DATASET EXTRACT ▸
------------------------------------------------------------
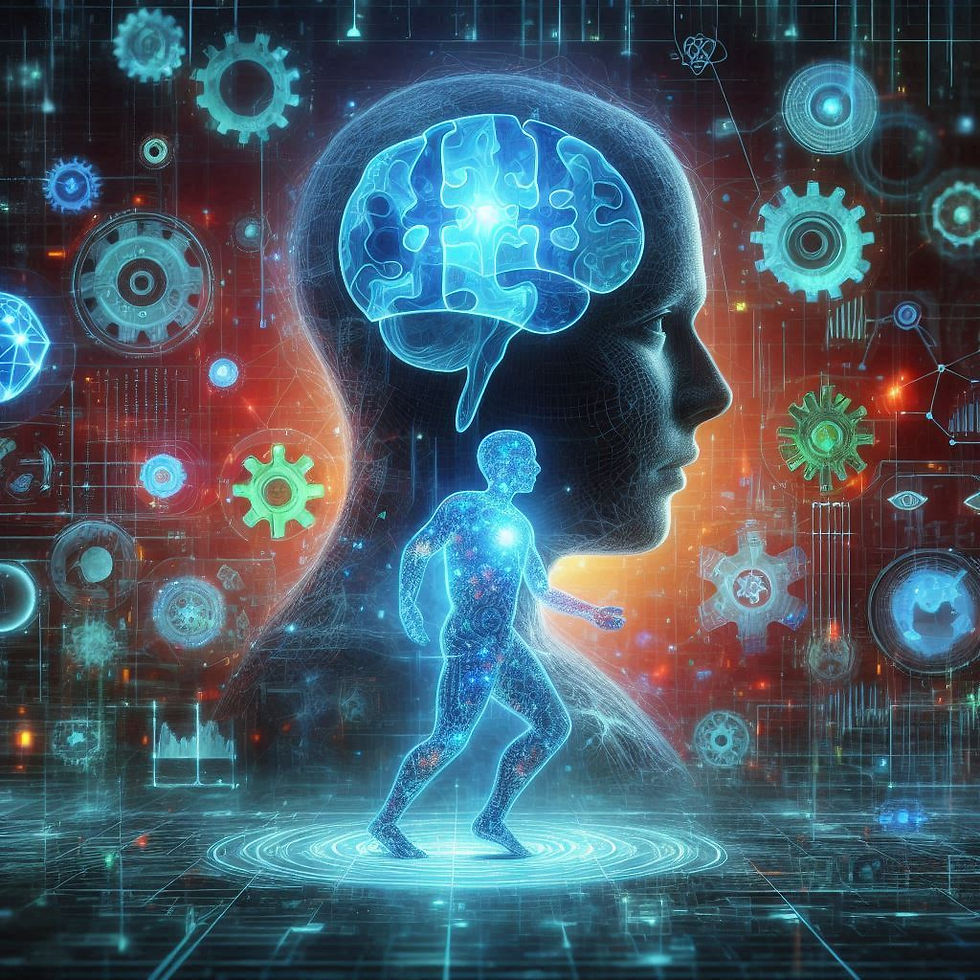 Ilustração: cérebro humano e corpo em movimento, Neuropsionline
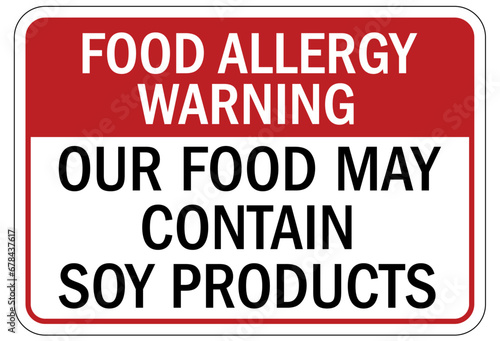 Peanut allergy warning sign and labels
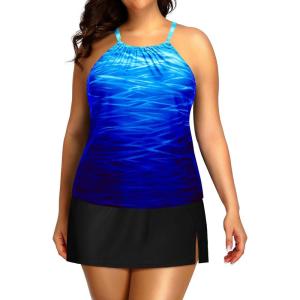 imageYonique Women Two Piece Plus Size Tankini with Skirt Tummy Control Bathing Suits High Neck SwimsuitsBlue Gradient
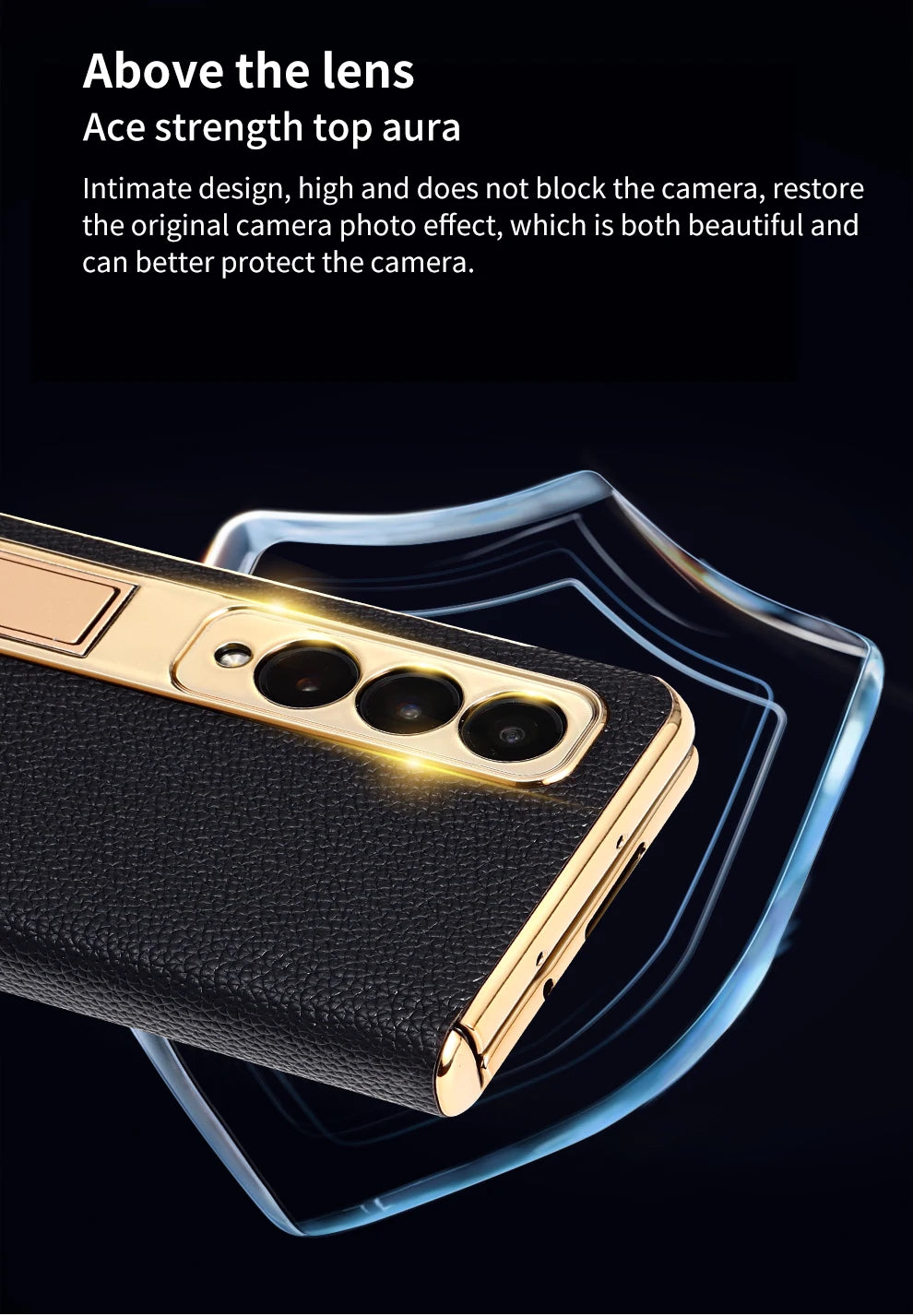 Premium Real Leather Phone Case for Samsung Galaxy Z Fold 6 with Hinge Kickstand - Slim Protective Cover for Work, Travel & Everyday Use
------------------------------------------------------------
INSTRUCTIONS FOR THE TASK ▸
Could you transcribe all of the data exactly and omit the pictures?

ANSWER BELOW ▸
 Ilustração: cérebro humano e corpo em movimento, Neuropsionline
 Peanut allergy warning sign and labels
 imageYonique Women Two Piece Plus Size Tankini with Skirt Tummy Control Bathing Suits High Neck SwimsuitsBlue Gradient
 Premium Real Leather Phone Case for Samsung Galaxy Z Fold 6 with Hinge Kickstand - Slim Protective Cover for Work, Travel & Everyday Use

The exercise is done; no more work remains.